**TASK BRIEF**
Please find every line in the records below that contains the word "Conference", and copy it.

[SUPPLIED RECORDS Boundary: Start]

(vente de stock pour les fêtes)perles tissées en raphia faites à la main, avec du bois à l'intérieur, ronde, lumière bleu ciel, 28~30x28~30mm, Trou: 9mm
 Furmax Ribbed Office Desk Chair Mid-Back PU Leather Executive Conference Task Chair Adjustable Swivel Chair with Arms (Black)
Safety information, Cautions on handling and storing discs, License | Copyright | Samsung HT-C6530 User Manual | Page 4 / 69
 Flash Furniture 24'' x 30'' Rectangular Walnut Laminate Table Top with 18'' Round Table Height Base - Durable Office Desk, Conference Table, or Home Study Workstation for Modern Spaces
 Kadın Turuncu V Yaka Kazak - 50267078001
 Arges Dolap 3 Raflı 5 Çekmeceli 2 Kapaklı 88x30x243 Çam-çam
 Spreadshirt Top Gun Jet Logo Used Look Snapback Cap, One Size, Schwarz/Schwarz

[SUPPLIED RECORDS Boundary: End]

**ANSWER SPACE**
 Furmax Ribbed Office Desk Chair Mid-Back PU Leather Executive Conference Task Chair Adjustable Swivel Chair with Arms (Black)
 Flash Furniture 24'' x 30'' Rectangular Walnut Laminate Table Top with 18'' Round Table Height Base - Durable Office Desk, Conference Table, or Home Study Workstation for Modern Spaces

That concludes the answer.